World output growth is projected to decelerate from an estimated 3.0 per cent in 2022 to 1.9 per cent in 2023, marking one of the lowest growth rates in recent decades, according to the United Nations World Economic Situation and Prospects (WESP) 2023 report.
“Global growth is forecast to moderately pick up to 2.7 per cent in 2024 as some of the headwinds will begin to subside. However, this is highly dependent on the pace and sequence of further monetary tightening, the course and consequences of the war in Ukraine, and the possibility of further supply-chain disruptions,” the report said.
The tepid global economic prospects also threaten the achievement of the 17 Sustainable Development Goals (SDGs), when the 2023 SDG Summit in September marks the mid-point of the implementation of the 2030 Agenda, it said.
“This is not the time for short-term thinking or knee-jerk fiscal austerity that exacerbates inequality, increases suffering and could put the SDGs farther out of reach. These unprecedented times demand unprecedented action,” António Guterres, United Nations Secretary-General said.

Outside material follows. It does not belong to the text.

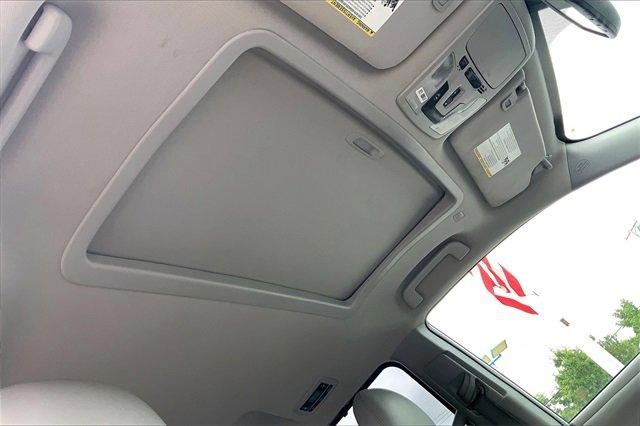 2020 Toyota Sienna Vehicle Photo in KANSAS CITY, MO 64114-4502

“This action includes a transformative SDG stimulus package, generated through the collective and concerted efforts of all stakeholders,” he added.
According to the report, slower growth, coupled with elevated inflation and mounting debt vulnerabilities, threatens to further set back hard-won achievements in sustainable development, deepening the already negative effects of the current crises.

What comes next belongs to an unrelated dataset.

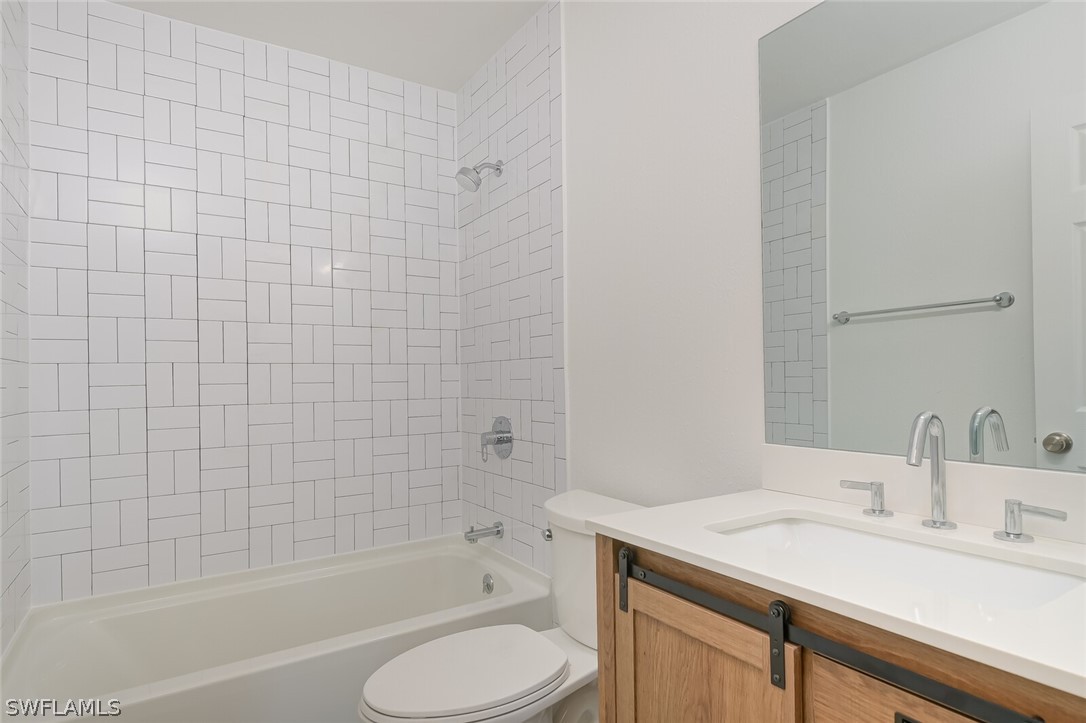 18210 Linden Road Fort Myers, FL 33967 - Photo 13 of 25 Gallery Image 13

A prolonged period of economic weakness and slow income growth would not only hamper poverty eradication, but also constrain countries’ ability to invest in the SDGs more broadly, it said.
“The current crises are hitting the most vulnerable the hardest — often through no fault of their own. The global community needs to step up joint efforts to avert human suffering and support an inclusive and sustainable future for all,” Li Junhua, United Nations Under-Secretary-General for Economic and Social Affairs, said.

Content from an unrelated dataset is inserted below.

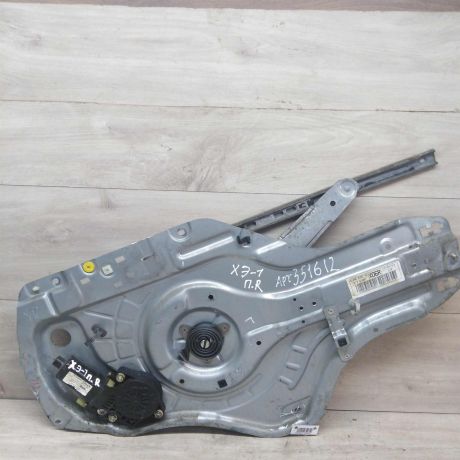 steklopodieemnik-perednii-pravyi-hyundai-elantra-iii-xd-2-art-51315-big-0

The report calls for Governments to avoid fiscal austerity which would stifle growth and disproportionately affect the most vulnerable groups, affect progress in gender equality and stymie development prospects across generations.
It has also recommended reallocation and reprioritization of public expenditures through direct policy interventions that will create jobs and reinvigorate growth.
“This will require strengthening of social protection systems, ensuring continued support through targeted and temporary subsidies, cash transfers, and discounts on utility bills, which can be complemented with reductions in consumption taxes or custom duties,” it said.